- LISTED RECORDS:
= = = = = = =

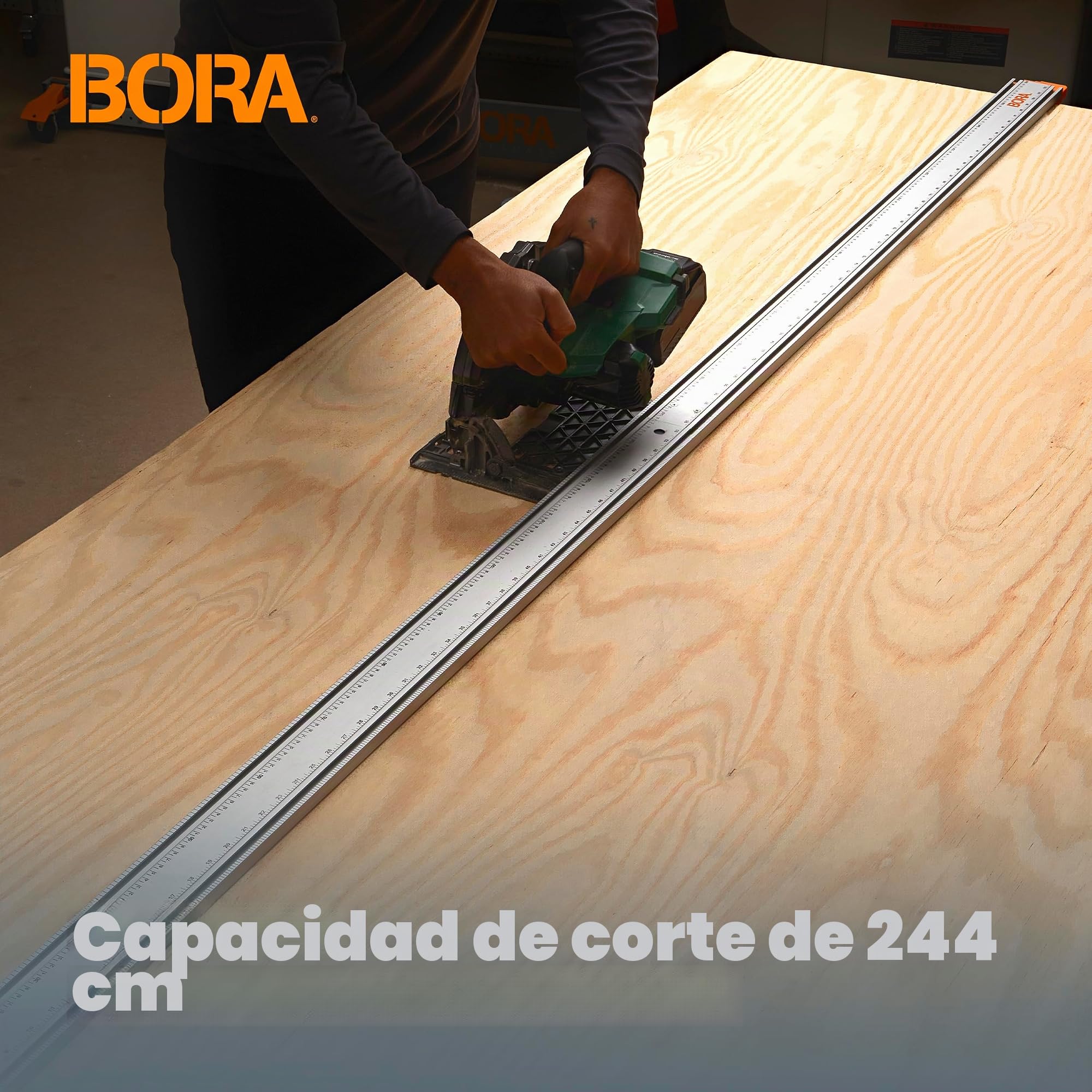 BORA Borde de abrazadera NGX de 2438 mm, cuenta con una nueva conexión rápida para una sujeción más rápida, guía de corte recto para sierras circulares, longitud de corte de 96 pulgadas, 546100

= = = = = = =

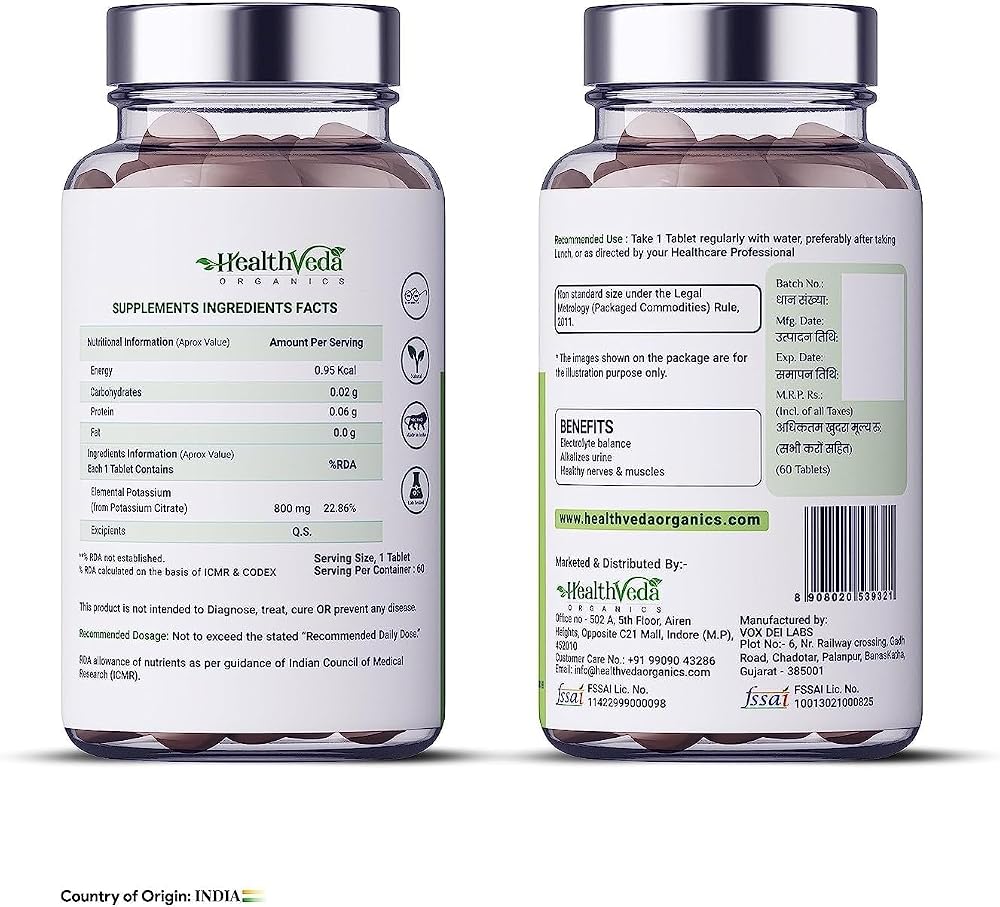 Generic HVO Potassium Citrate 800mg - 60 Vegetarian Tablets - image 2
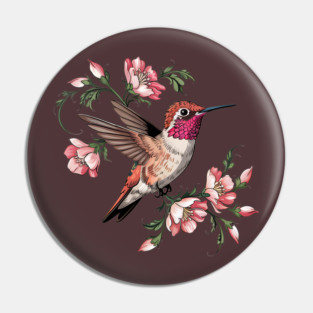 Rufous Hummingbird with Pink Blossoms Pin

= = = = = = =

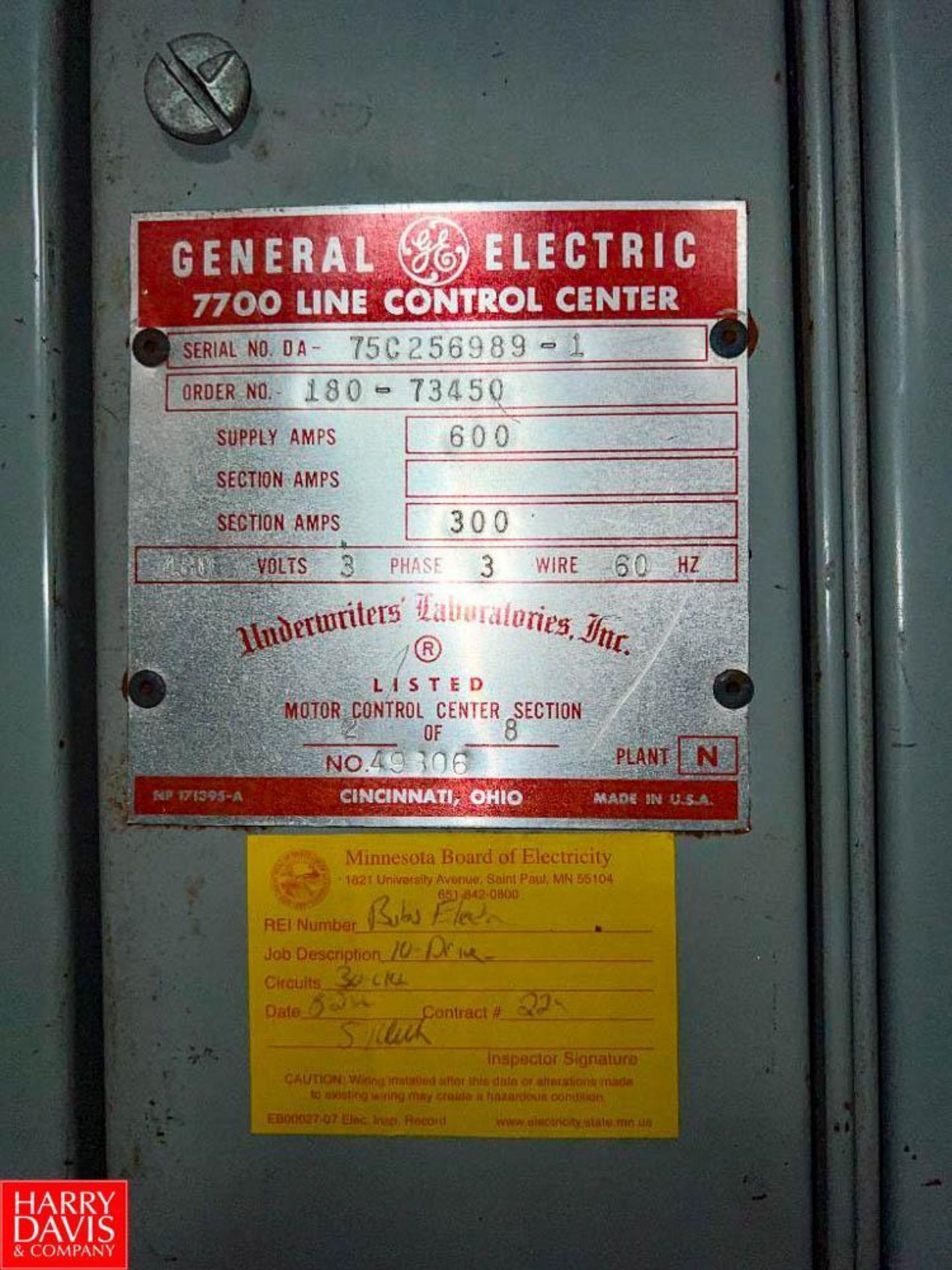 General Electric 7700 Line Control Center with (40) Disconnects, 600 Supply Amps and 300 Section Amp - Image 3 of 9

= = = = = = =

- WHAT NEEDS TO BE DONE: Reproduce the records above exactly, but only from the line with "Generic HVO Potassium" up to and including the line with "Rufous Hummingbird with Pink Blossoms Pin". Leave the pictures out.

- FINAL ANSWER:
 Generic HVO Potassium Citrate 800mg - 60 Vegetarian Tablets - image 2
 Rufous Hummingbird with Pink Blossoms Pin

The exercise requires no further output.